* Assigned task
The material below has pictures in it. Set down only the lines from the line containing "Outsunny Folding Outdoor" through the line containing "Backdrop Sign Shuang", word for word, and leave the pictures behind.
### Input for this task ###
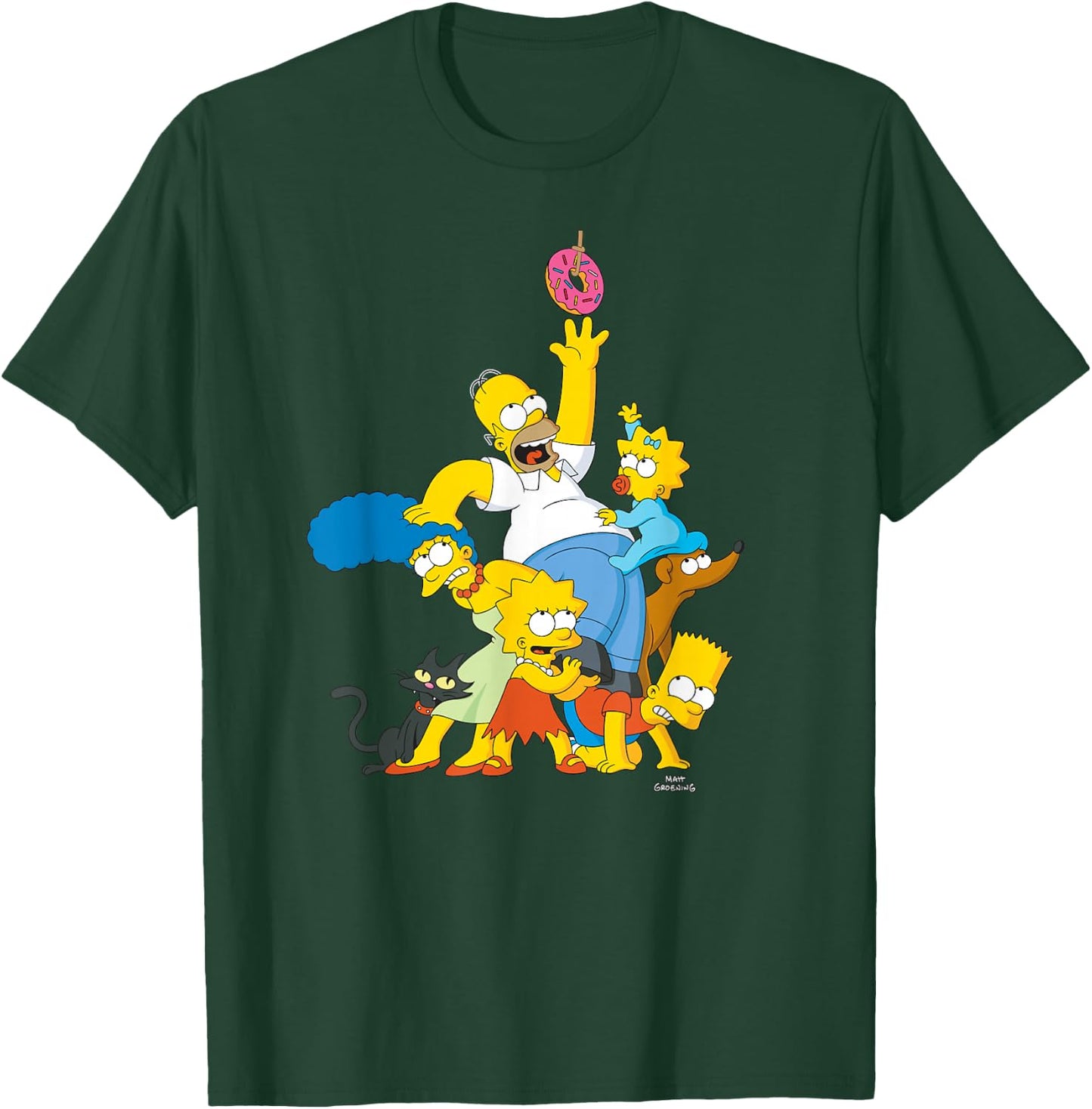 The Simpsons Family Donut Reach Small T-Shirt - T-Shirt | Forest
###
### Input for this task ###
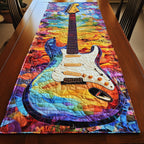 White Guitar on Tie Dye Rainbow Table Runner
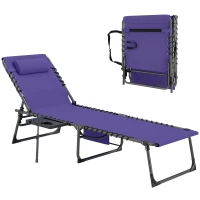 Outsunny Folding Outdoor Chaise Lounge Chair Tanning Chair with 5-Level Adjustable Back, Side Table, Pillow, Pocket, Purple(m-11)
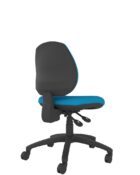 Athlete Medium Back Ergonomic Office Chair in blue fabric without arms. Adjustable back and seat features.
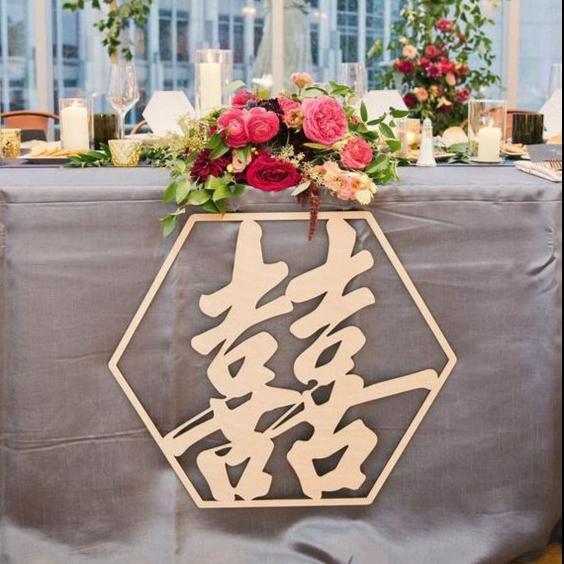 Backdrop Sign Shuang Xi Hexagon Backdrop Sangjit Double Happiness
###
### Input for this task ###
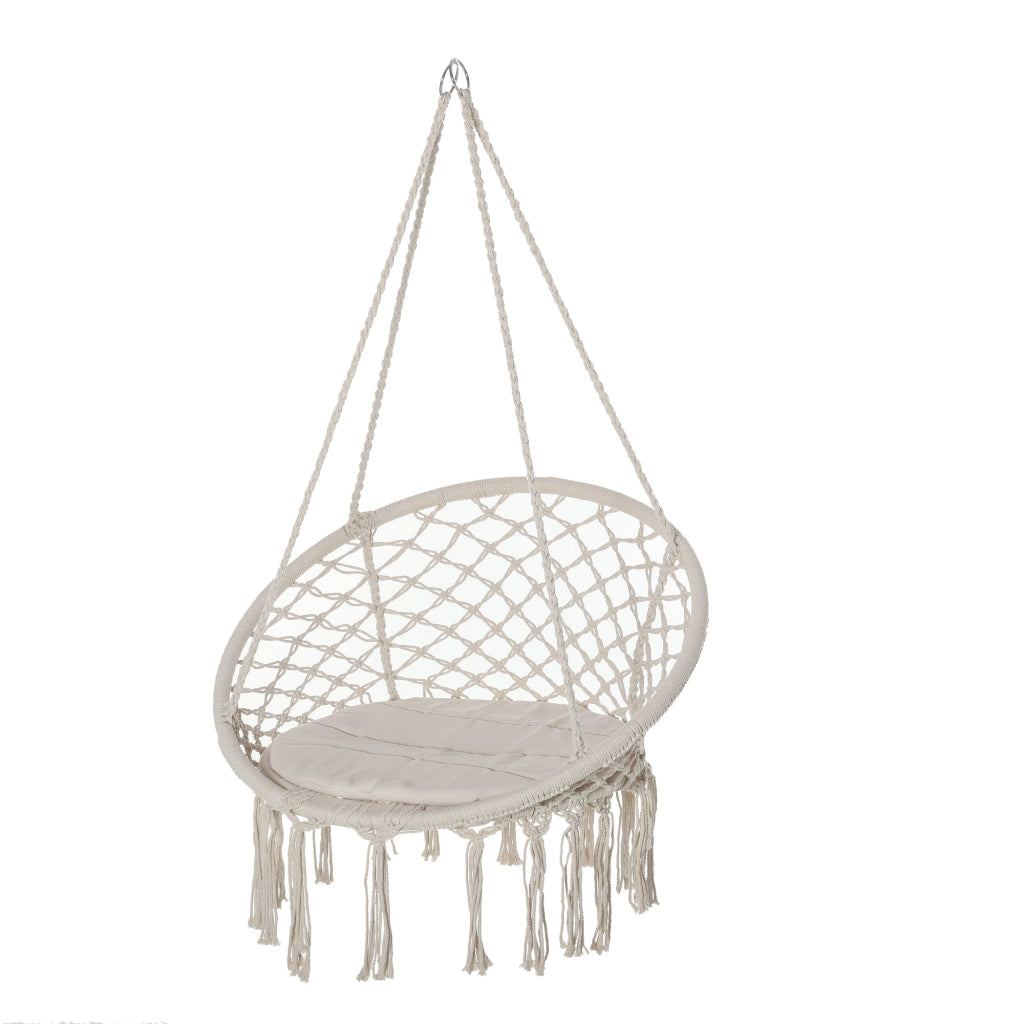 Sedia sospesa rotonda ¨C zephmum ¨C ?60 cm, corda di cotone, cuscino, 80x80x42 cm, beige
###
* Solution to this problem
 Outsunny Folding Outdoor Chaise Lounge Chair Tanning Chair with 5-Level Adjustable Back, Side Table, Pillow, Pocket, Purple(m-11)
 Athlete Medium Back Ergonomic Office Chair in blue fabric without arms. Adjustable back and seat features.
 Backdrop Sign Shuang Xi Hexagon Backdrop Sangjit Double Happiness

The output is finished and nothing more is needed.